▸ **TASK**
Everything from the line with "Wald Wegschnecke" to the line with "ASIATIC The Chinese" in the listing below, both lines included, needs to be copied exactly, apart from the pictures.

▸ **DATA TO USE**
■ ■ ■
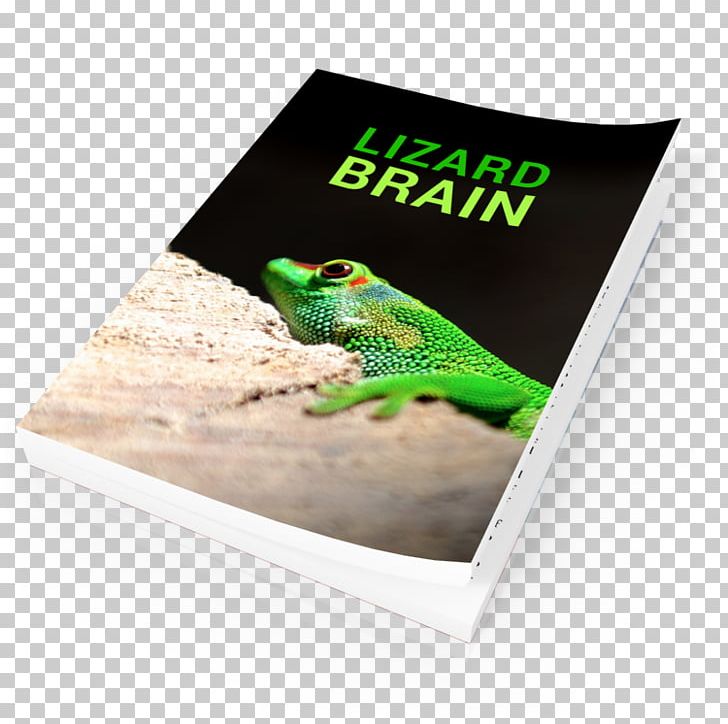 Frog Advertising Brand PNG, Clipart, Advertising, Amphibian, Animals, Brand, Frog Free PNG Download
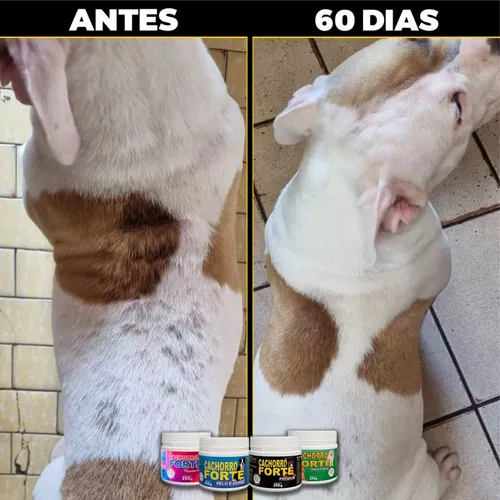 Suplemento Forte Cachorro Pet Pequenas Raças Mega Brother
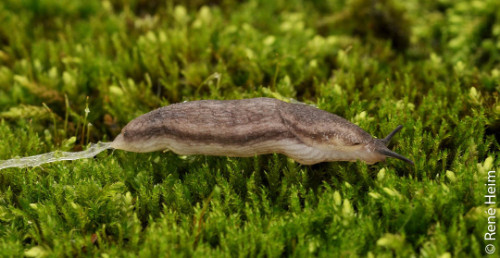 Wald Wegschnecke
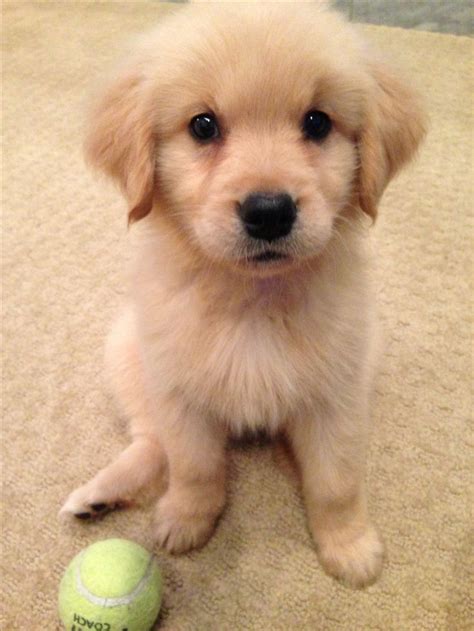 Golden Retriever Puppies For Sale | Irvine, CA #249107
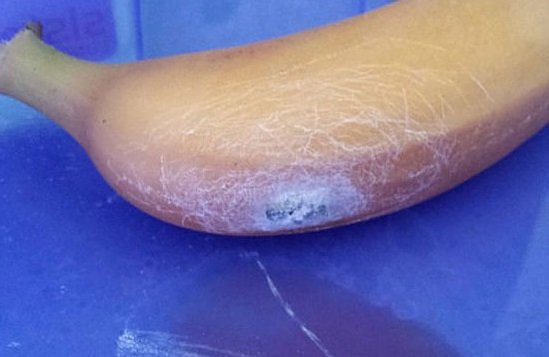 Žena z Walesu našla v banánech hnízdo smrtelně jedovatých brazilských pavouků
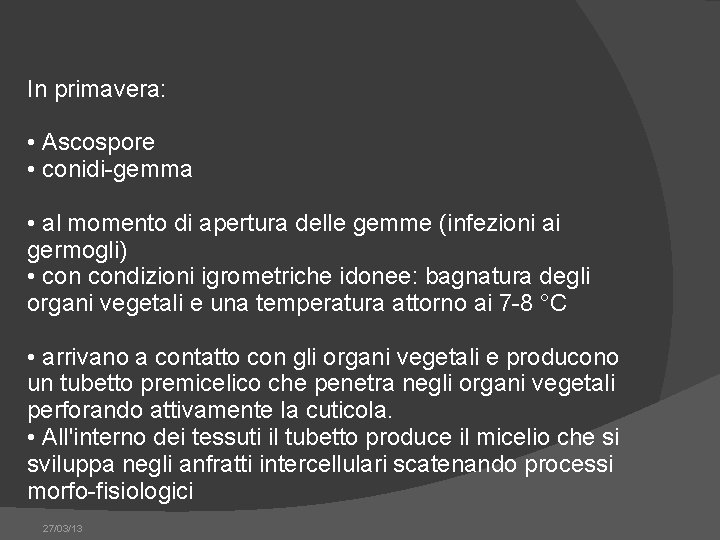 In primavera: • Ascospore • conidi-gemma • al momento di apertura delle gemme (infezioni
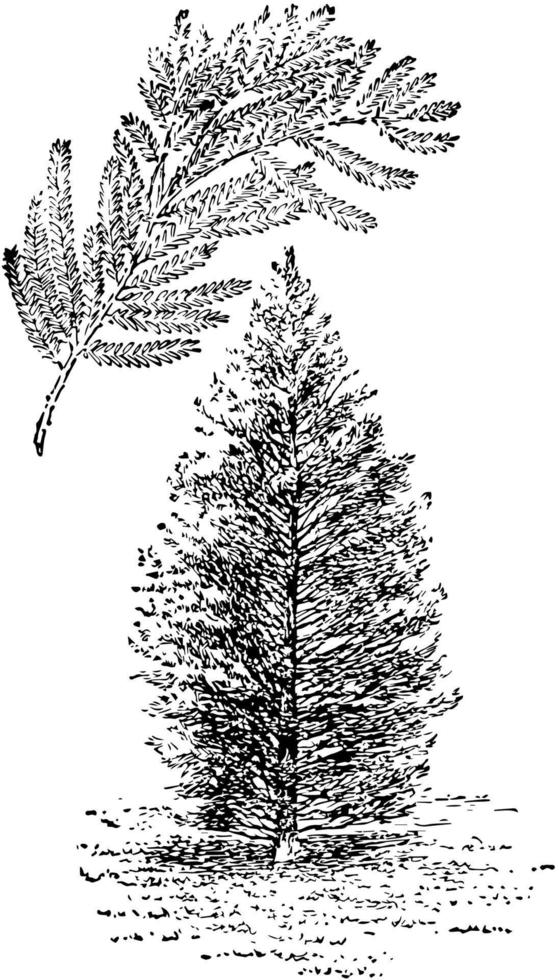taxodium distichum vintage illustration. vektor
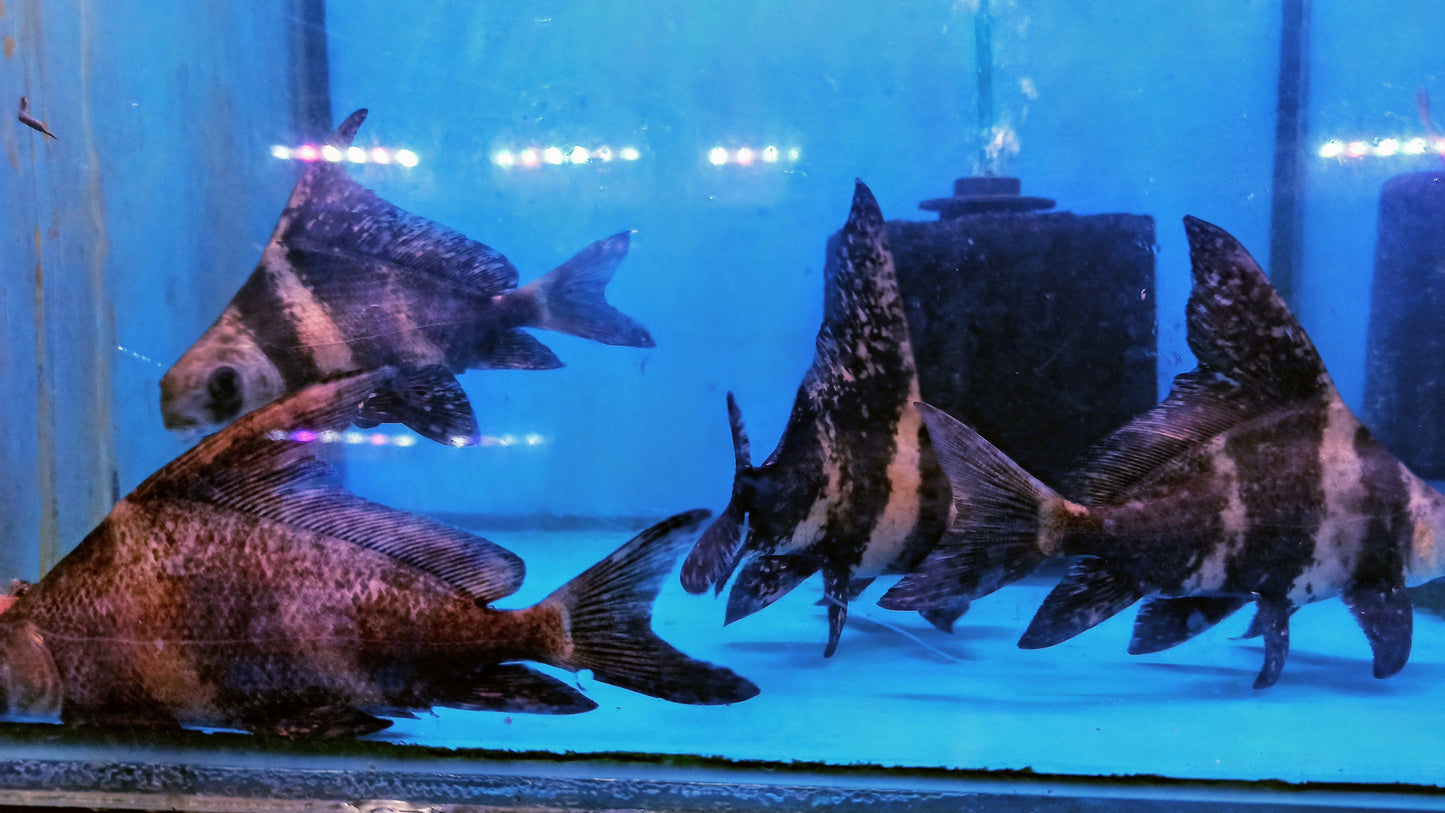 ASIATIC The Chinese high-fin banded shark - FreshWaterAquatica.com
■ ■ ■
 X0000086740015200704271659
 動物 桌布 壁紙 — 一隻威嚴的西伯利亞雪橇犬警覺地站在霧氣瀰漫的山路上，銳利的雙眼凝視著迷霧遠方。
■ ■ ■
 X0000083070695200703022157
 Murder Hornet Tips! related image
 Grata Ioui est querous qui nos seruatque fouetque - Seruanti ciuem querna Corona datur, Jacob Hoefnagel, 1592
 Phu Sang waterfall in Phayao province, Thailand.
■ ■ ■
▸ **TASK SOLUTION**
 Wald Wegschnecke
 Golden Retriever Puppies For Sale | Irvine, CA #249107
 Žena z Walesu našla v banánech hnízdo smrtelně jedovatých brazilských pavouků
 In primavera: • Ascospore • conidi-gemma • al momento di apertura delle gemme (infezioni
taxodium distichum vintage illustration. vektor
 ASIATIC The Chinese high-fin banded shark - FreshWaterAquatica.com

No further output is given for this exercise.